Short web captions

=== Begin Enclosure ===

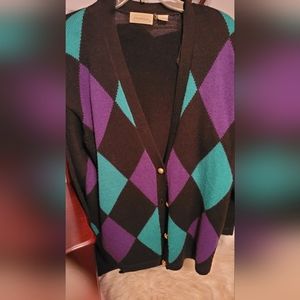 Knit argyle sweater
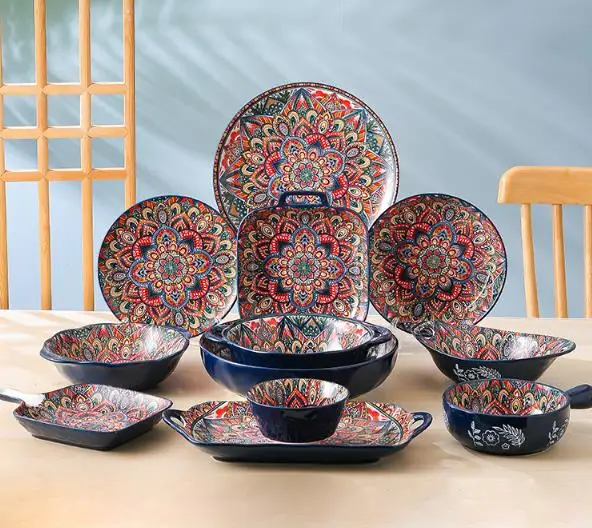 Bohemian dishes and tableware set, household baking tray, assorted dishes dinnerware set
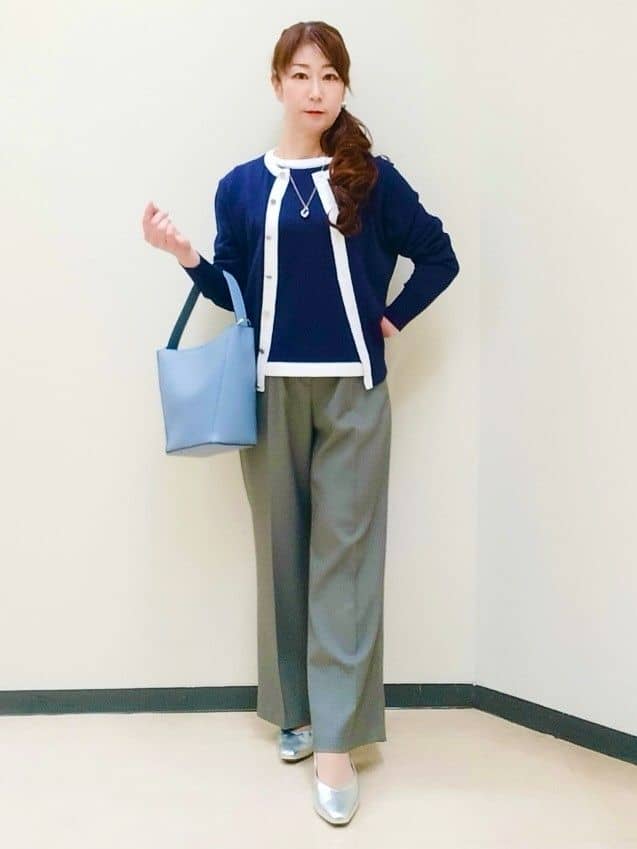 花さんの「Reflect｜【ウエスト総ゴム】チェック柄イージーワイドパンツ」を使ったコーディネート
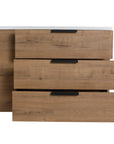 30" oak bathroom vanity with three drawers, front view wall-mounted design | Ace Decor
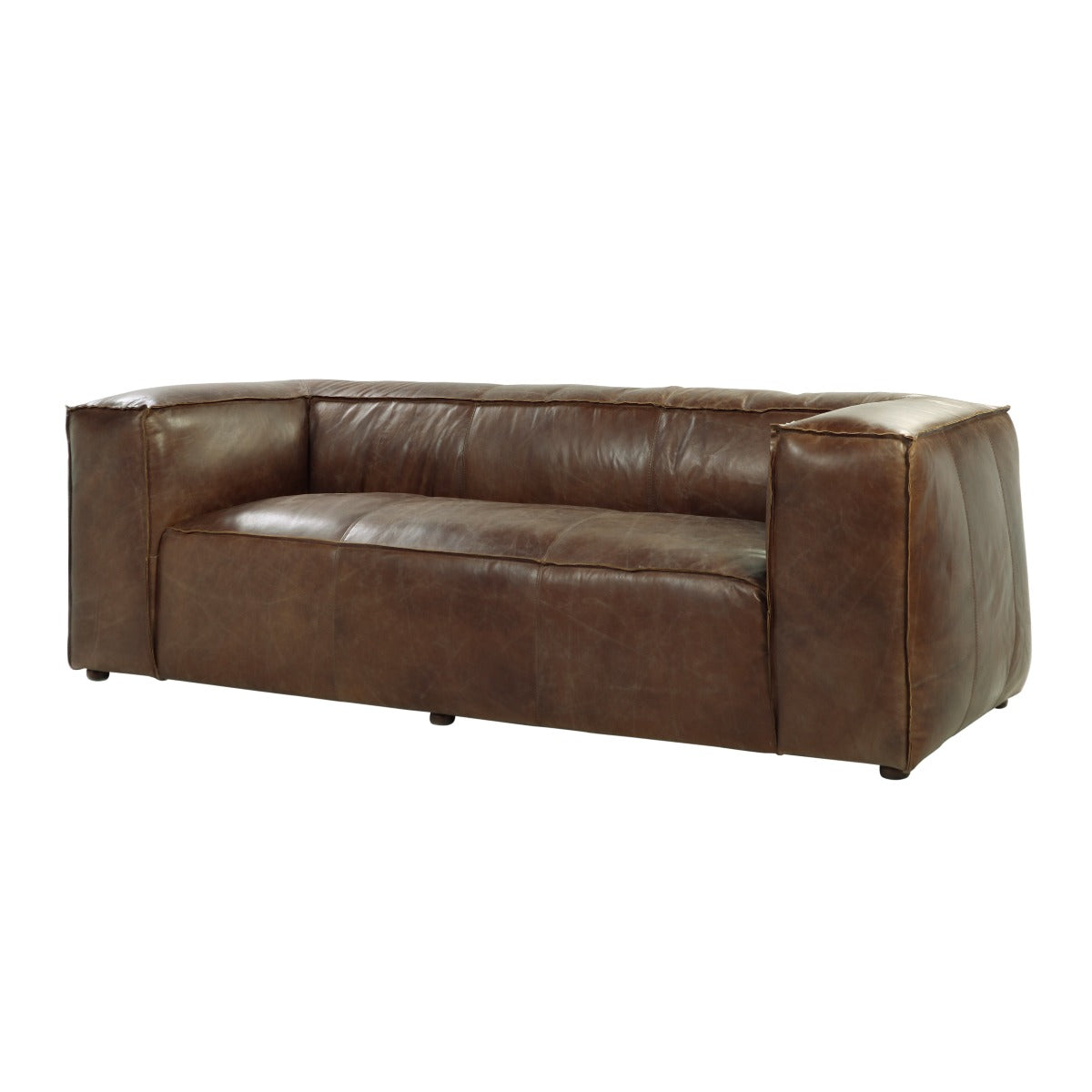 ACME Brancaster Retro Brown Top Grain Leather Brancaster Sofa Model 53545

=== End Enclosure ===

- _PROMPT_: Take the records above from the line with "花さんの「Reflect｜【" down to their last line and please copy those lines exactly, without the pictures.

- _RESPONSE AREA_:
 花さんの「Reflect｜【ウエスト総ゴム】チェック柄イージーワイドパンツ」を使ったコーディネート
 30" oak bathroom vanity with three drawers, front view wall-mounted design | Ace Decor
 ACME Brancaster Retro Brown Top Grain Leather Brancaster Sofa Model 53545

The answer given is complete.